# Help with getting a "Fizzy" Smell



## Fracas (Sep 22, 2010)

Hello everyone 

I recently bought an oil perfume from an E-Tailer and it had an amazing fizzy smell to it. It was so real, like it was carbonated!

I was wondering if anyone could help me identify what fragrance oil would give this result? Its definitely a fragrance oil blend, no aroma-chemicals or anything sophisticated like that. I'm sitting here sniffing at it and dying to know what can give this fizzy impression so I can make some blends up myself. This particular blend was fizzy passionfruit. 

Thanks


----------



## kaelily (Sep 22, 2010)

Champagne from Brambleberry smells "fizzy" to me.  I think it smells like pop/ginger ale...and I usually blend it with my fruity fragrances to give it that "kick".


----------



## Fracas (Sep 22, 2010)

That kaelily, will keep that in mind. I'm also wondering if a sherbet oil was used, I haven't come across one but someone else may have?


----------



## Woodi (Sep 22, 2010)

Yuzu smells fizzy to me.


----------



## Tabitha (Sep 22, 2010)

wholesalesuppliesplus.com as a white tea thyat smells fizzy to me. I do not think it smells like tea at all.


----------



## DottieF. (Sep 22, 2010)

BrambleBerry's Ginger Fish smells fizzy to me. Not quite ginger ale but somewhere between ginger ale and Spirte. Still nice and fizzy.


----------



## IrishLass (Sep 23, 2010)

Daystar's Paradise is like sniffing a freshly opened can/bottle of Sprite to me. It's amazing how the carbonation comes across so realistically in my soap. I get a lot of positive comments and requests for my 'Sprite' soap (I label it 'Sparkling Lime Cooler', but everyone calls it my 'Sprite' soap).

IrishLass


----------



## Fracas (Sep 26, 2010)

Thanks for all your suggestions, I at least have a place to start.

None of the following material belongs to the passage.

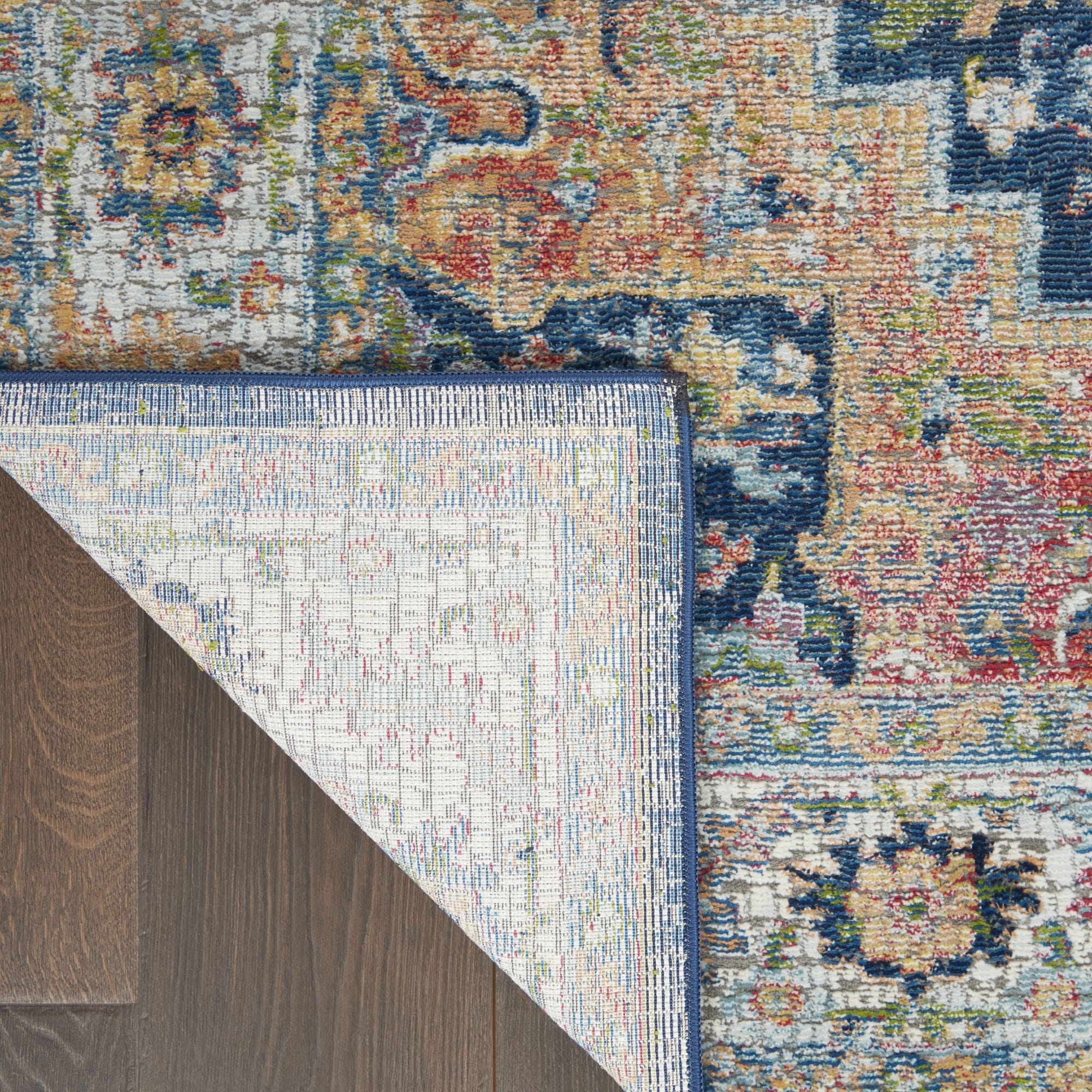 Ankara Global Rug ANR11 Blue/Multicolour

This is all very exciting, I am just starting out with fragrance oil blending and looking forward to producing my own fragrances


----------



## Bubbles Galore (Sep 29, 2010)

kaelily said:
			
		

> Champagne from Brambleberry smells "fizzy" to me.  I think it smells like pop/ginger ale...and I usually blend it with my fruity fragrances to give it that "kick".



Yep, Champagne smells fizzy to me too.  :wink:


----------



## rubyslippers (Sep 30, 2010)

Bubbles Galore said:
			
		

> kaelily said:
> 
> 
> 
> ...



Me too!  Just got a sample of it today from BB and it smells like ginger ale fizz!


----------